What is needed: Leave every image behind and restate the data word for word.

Given material:
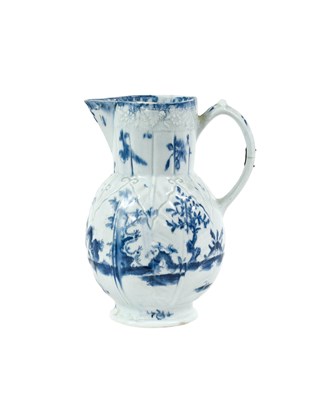 Lot 300 - A Lowestoft Porcelain Leaf-Moulded Jug, circa...
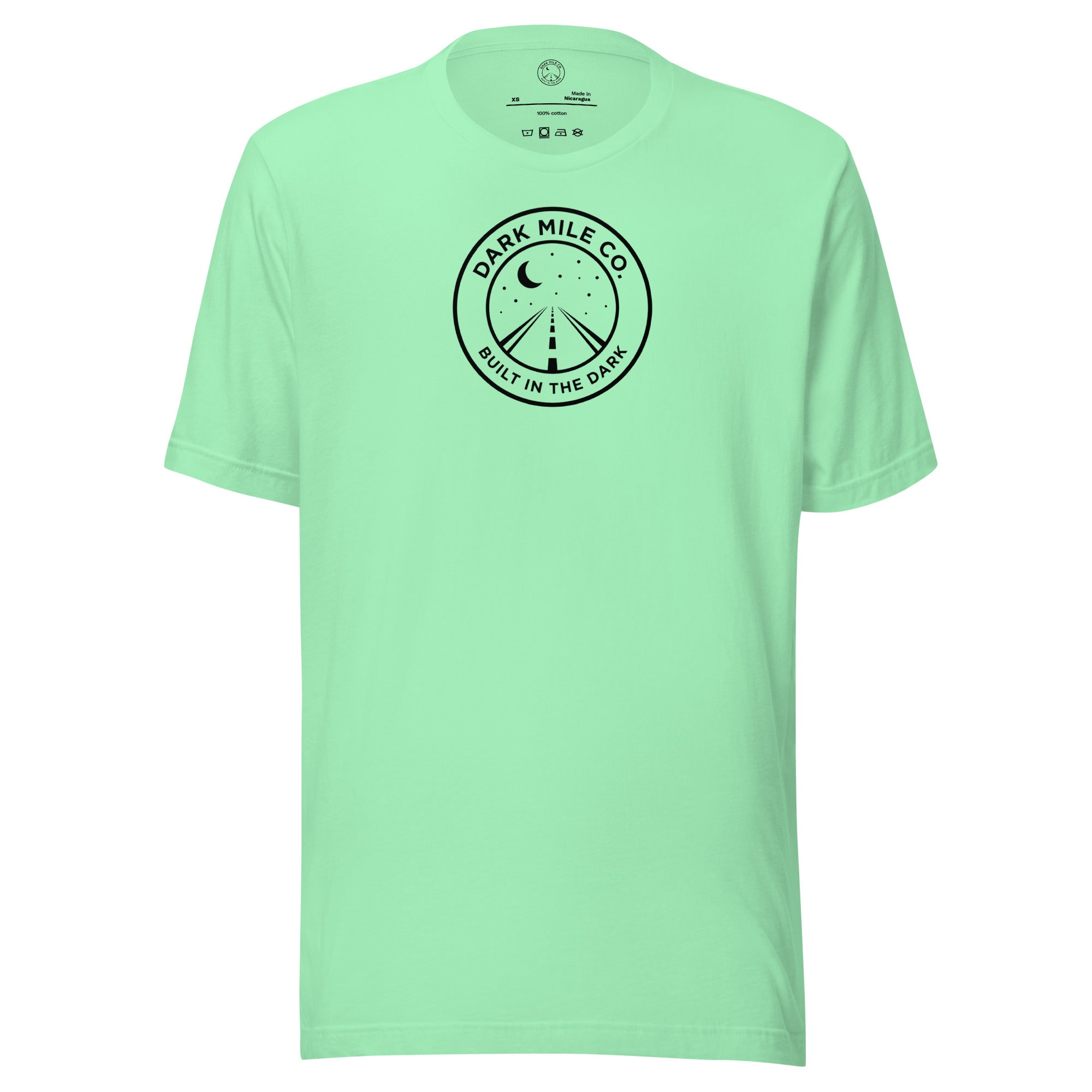 Dark Mile Co. Lifestyle Tee — Built in the Light in Mint, front view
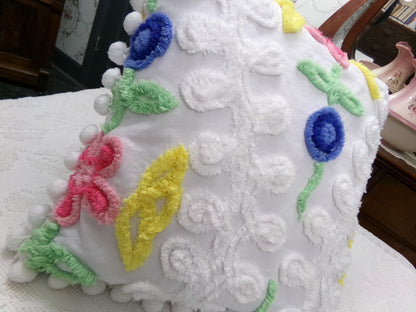 canyon group vintage chenille pillow cover, single 17" square sham rainbow wedding cake design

Answer:
 Lot 300 - A Lowestoft Porcelain Leaf-Moulded Jug, circa...
 Dark Mile Co. Lifestyle Tee — Built in the Light in Mint, front view
 canyon group vintage chenille pillow cover, single 17" square sham rainbow wedding cake design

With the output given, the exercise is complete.